→ **Task goal**: Lines in the listing below containing the string "Holder" are to be identified and copied.

→ **Material provided**:
☆ ☆ ☆ ☆

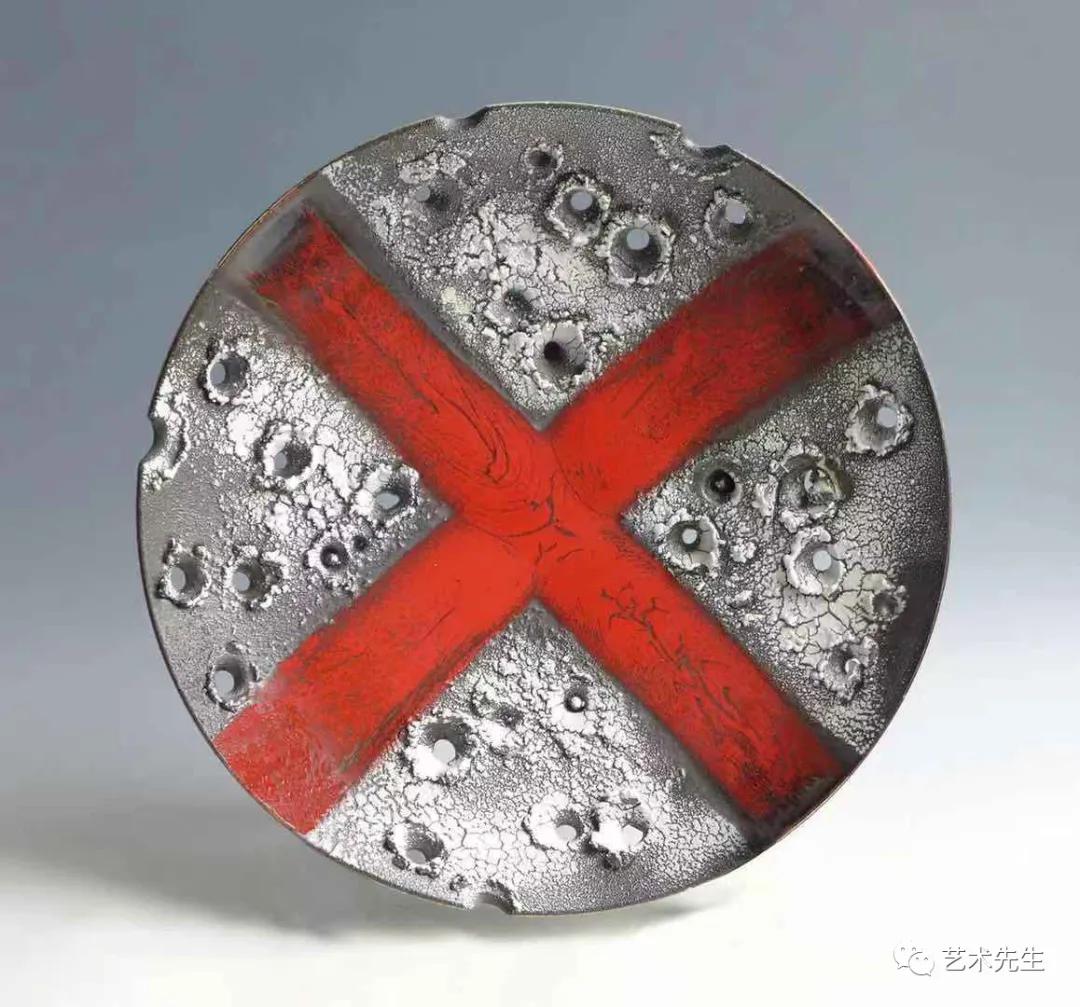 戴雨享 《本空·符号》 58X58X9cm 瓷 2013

☆ ☆ ☆ ☆

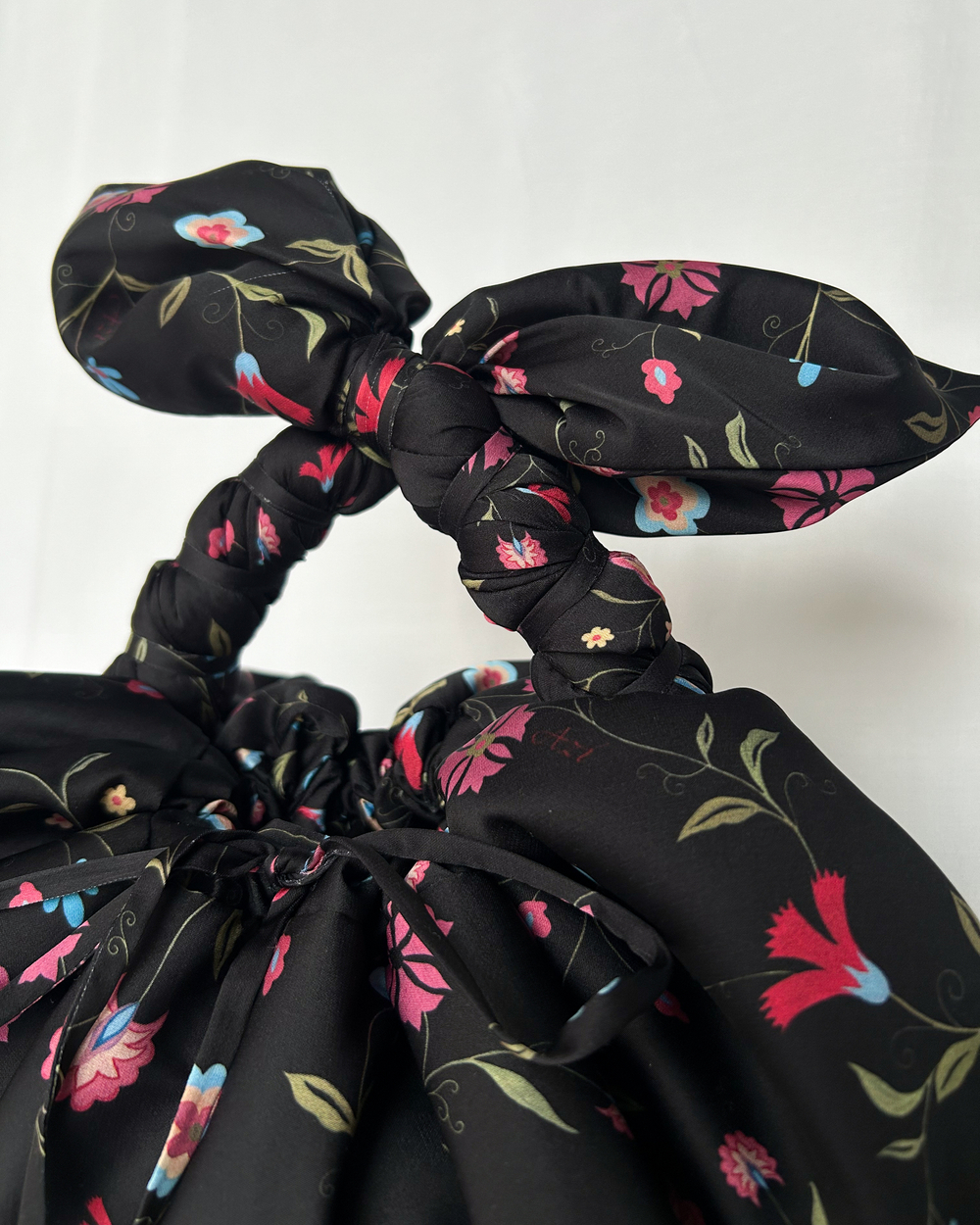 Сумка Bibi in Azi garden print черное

☆ ☆ ☆ ☆

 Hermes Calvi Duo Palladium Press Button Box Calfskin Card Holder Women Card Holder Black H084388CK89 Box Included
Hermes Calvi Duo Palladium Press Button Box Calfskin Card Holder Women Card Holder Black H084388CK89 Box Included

☆ ☆ ☆ ☆

→ **Solution for this exercise**:
 Hermes Calvi Duo Palladium Press Button Box Calfskin Card Holder Women Card Holder Black H084388CK89 Box Included
Hermes Calvi Duo Palladium Press Button Box Calfskin Card Holder Women Card Holder Black H084388CK89 Box Included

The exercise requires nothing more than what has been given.